Short web captions:
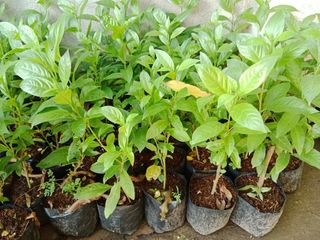 (Category: ) located in . Submitted by seaalionn (Listing ID 1460787795, Image 1). Description: .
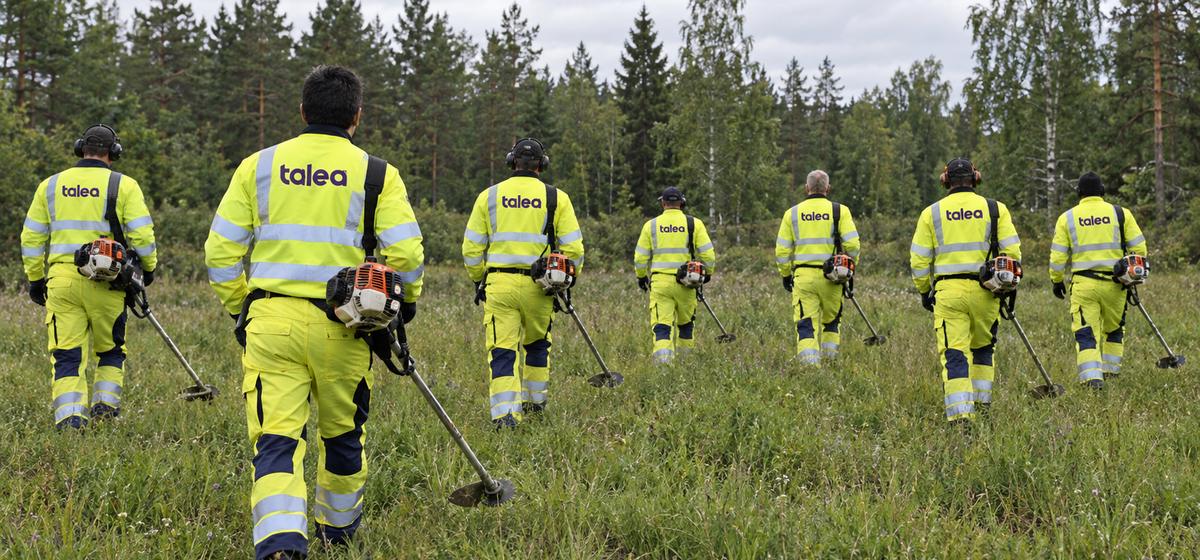 Taleas röjare i varselkläder går med röjsågar över en äng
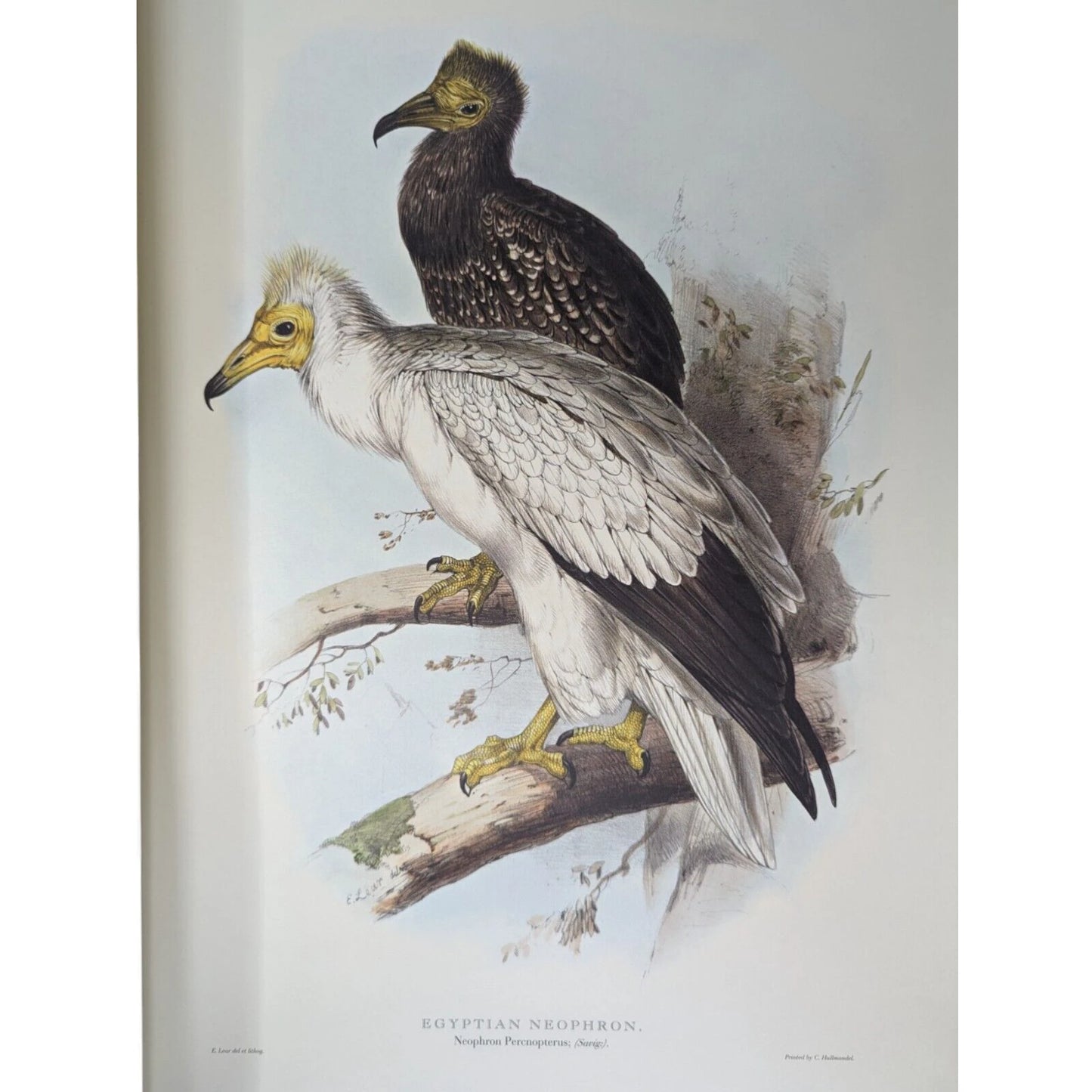 Illustrations of Birds Drawn for John Gould by Edward Lear (Numbered)
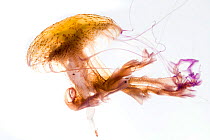 Jellyfish (Pelagia noctiluca) against white background, Mediterranean sea, Corsica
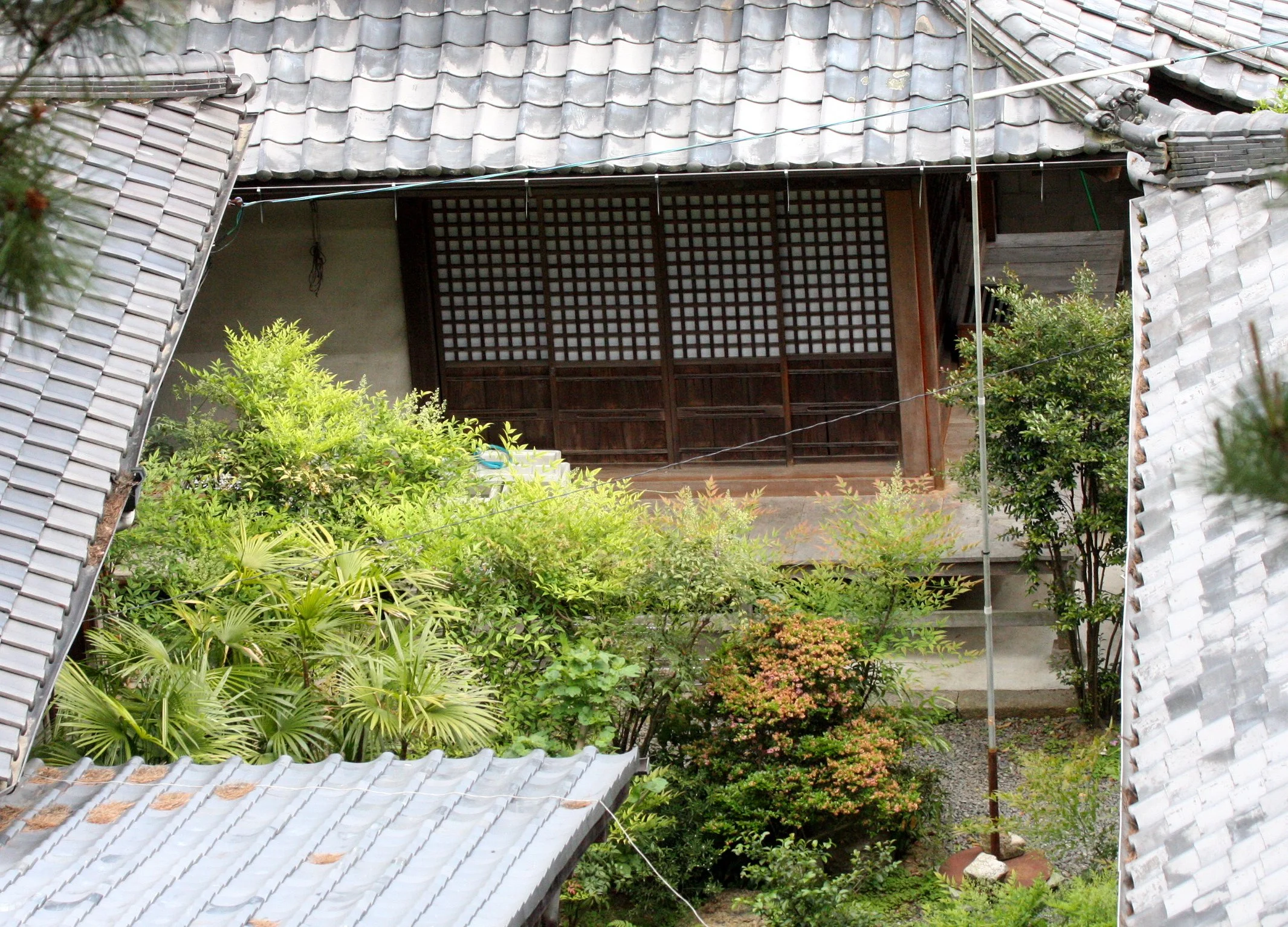 MIYAJIMA - MAY 2009 - SCENES AND LANDSCAPES (13).JPG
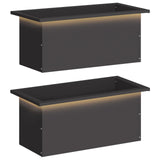 Garden Planter with LED 2 pcs Black 30 x 60 x 30 cm Steel 8008085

-- PROBLEM DESCRIPTION --
What is needed is an exact copy of the lines from the one with "Taleas röjare i" through the end of the data above, both included, minus any pictures.

-- ANSWER BELOW --
 Taleas röjare i varselkläder går med röjsågar över en äng
 Illustrations of Birds Drawn for John Gould by Edward Lear (Numbered)
 Jellyfish (Pelagia noctiluca) against white background, Mediterranean sea, Corsica
 MIYAJIMA - MAY 2009 - SCENES AND LANDSCAPES (13).JPG
 Garden Planter with LED 2 pcs Black 30 x 60 x 30 cm Steel 8008085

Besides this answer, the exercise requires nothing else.